Fluent Bit: Isolating pod logs in a multitenant EKS cluster
December 7, 2022
Overview
In this post, we discuss how to isolate log access in a multitenant AWS EKS cluster between tenants. This solution is intended for those who need to give customer team members access to their own microservice log output without replicating the log storage out to other logging solutions or out of the AWS account to minimize the risk of data leakage.
Situation
We have a multi-tenant EKS Kubernetes cluster that is used as an internal development platform. Development teams use the platform to deploy their microservices. While the developers do not have access to the AWS account hosting the cluster, they do need access to their own log files. These log files are stored in AWS CloudWatch Logs in the EKS AWS account, to which the developers do not have access. However, the customer team does have their own AWS account.
By default, the cluster uses a Fluent Bit daemonset to forward all pod logs to the same Log Group in AWS CloudWatch Logs. This configuration allows the customer team to access their logs, even though the developers cannot log in to the EKS AWS account.
Task
The goal is to give customer team members access to their own microservice log output, without replicating the log storage out to other logging solutions, and/or out of the AWS account to minimize the risk of data leakage. It is also important that other teams using the same multitenant cluster cannot access each other’s logs.

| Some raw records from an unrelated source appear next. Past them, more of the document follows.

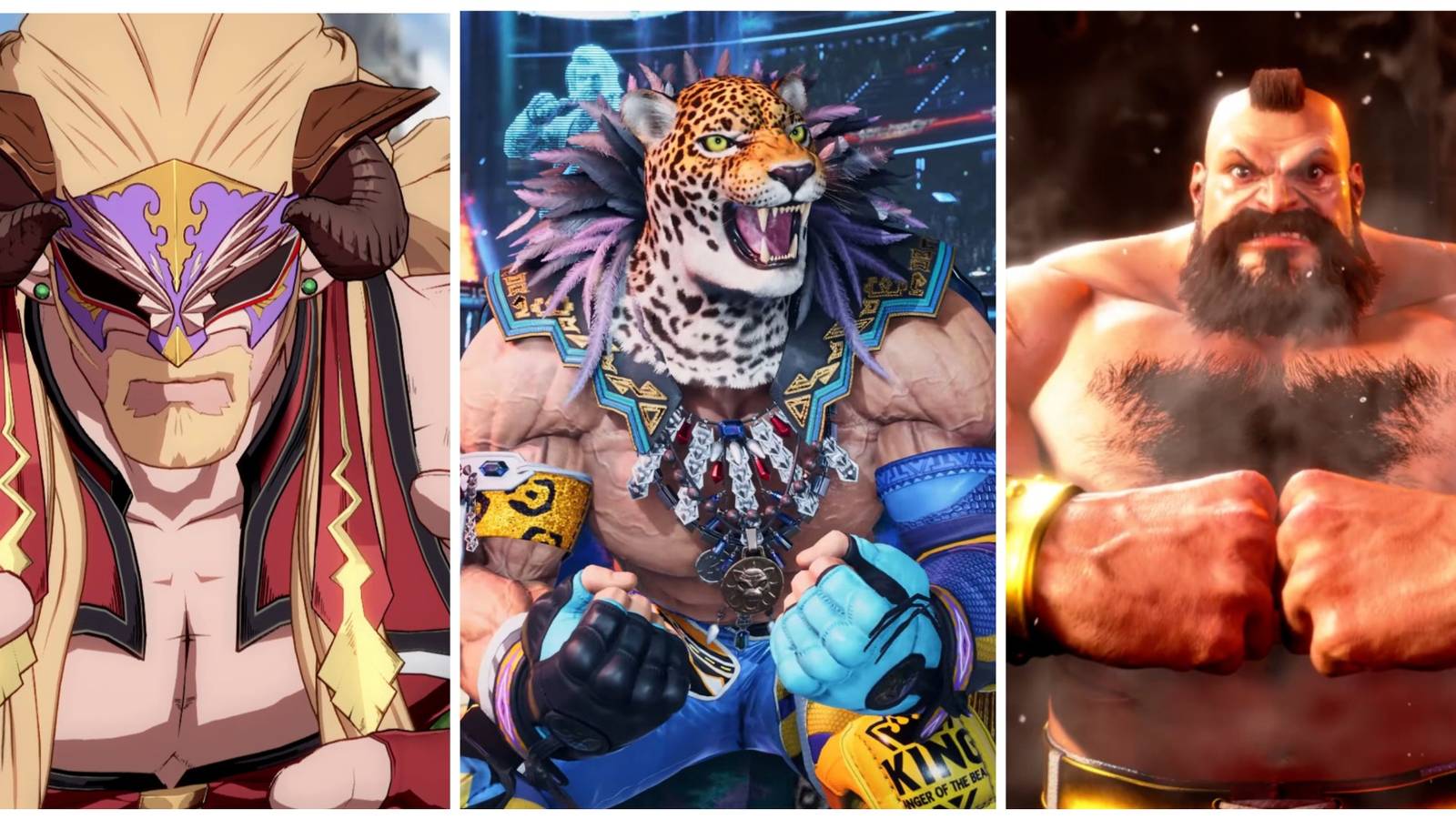 Ladiva, King, and Zangief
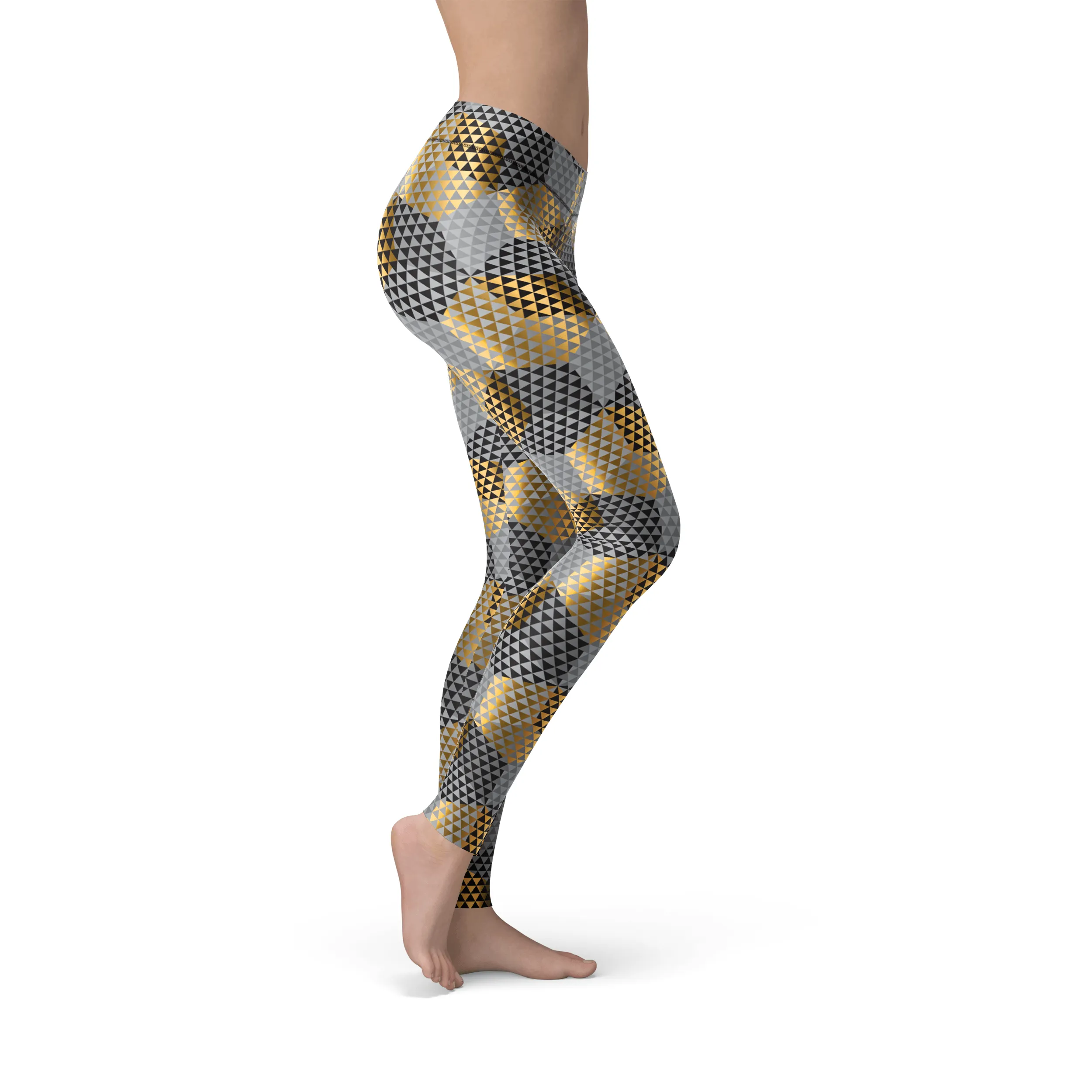 Jean Golden Geometric Leggings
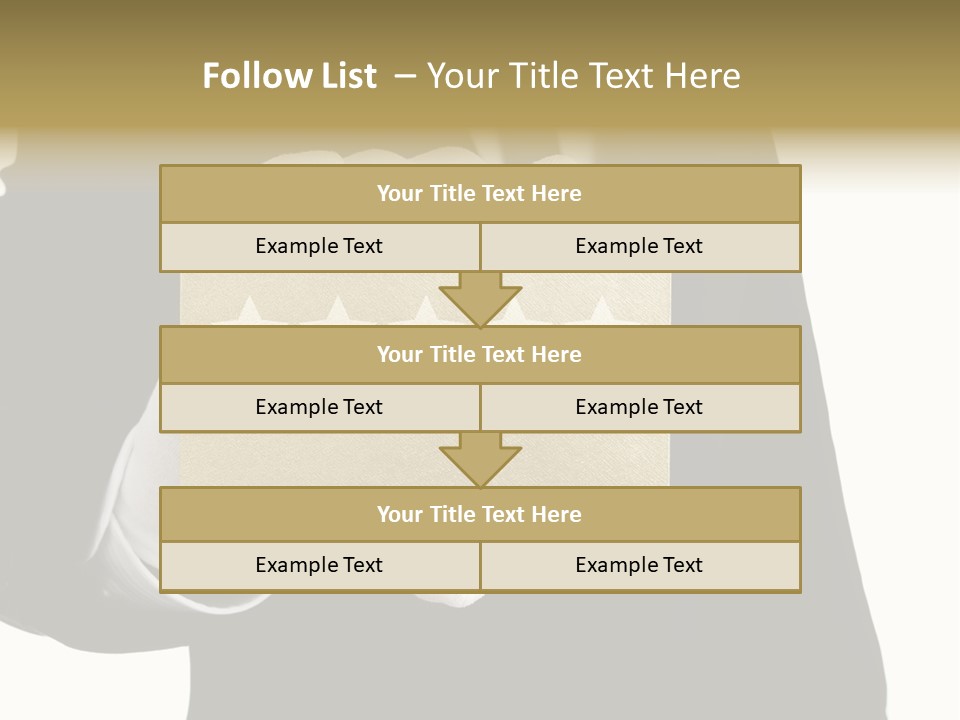 Waiter Quality Top PowerPoint Template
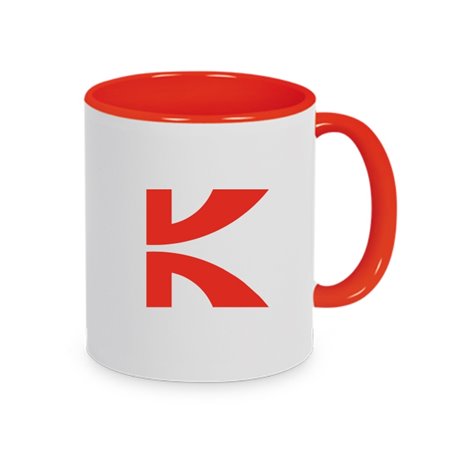 Kinder-Fit Tasse rot/weiss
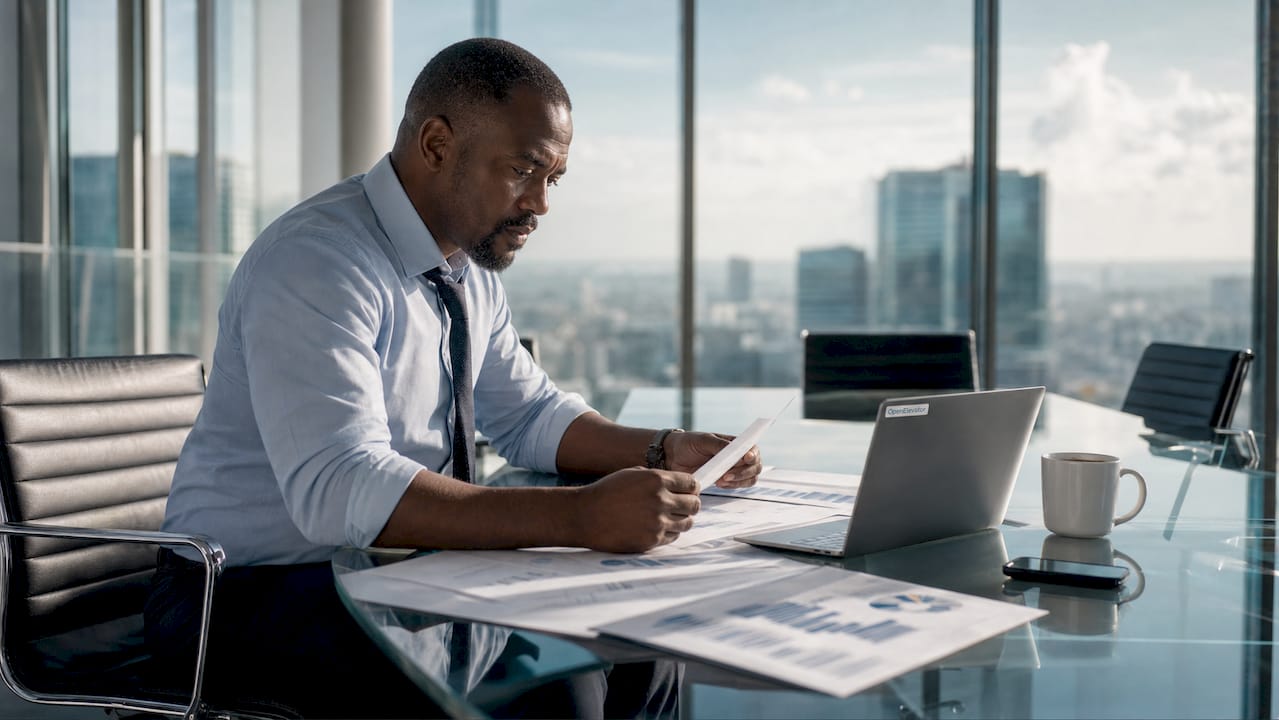 Leader reviewing employee engagement reports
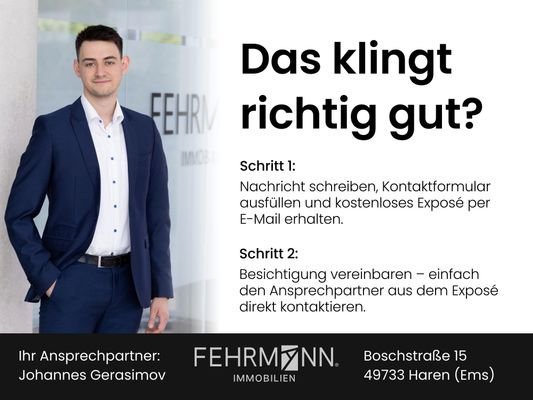 Ansprechpartner Johannes Gerasimov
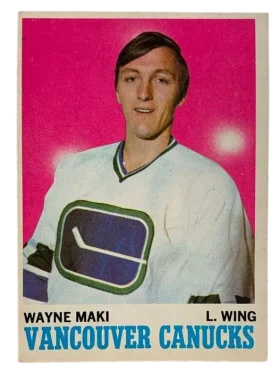 116 Wayne Maki 1970 71 O Pee Chee from Front Ex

System pods and similar should log to a common Log Group so the Platform Engineering team has easy access to logs not belonging to development teams. This also ensures separation of concerns and least privilege, so that platform engineers cannot read application output unless given access to those log groups.
Action
Fluent Bit Overview
A Fluent Bit daemonset is configured to ingest logs on each node. Each log source is defined as an [INPUT] section in the fluent configuration, and every event always has to consist of a timestamp and a message, and then it is tagged as it comes in to its input.
If any processing of such an event needs to be done, this is done with a [FILTER] block. This can be used to reshape, drop, or even annotate the event with metadata.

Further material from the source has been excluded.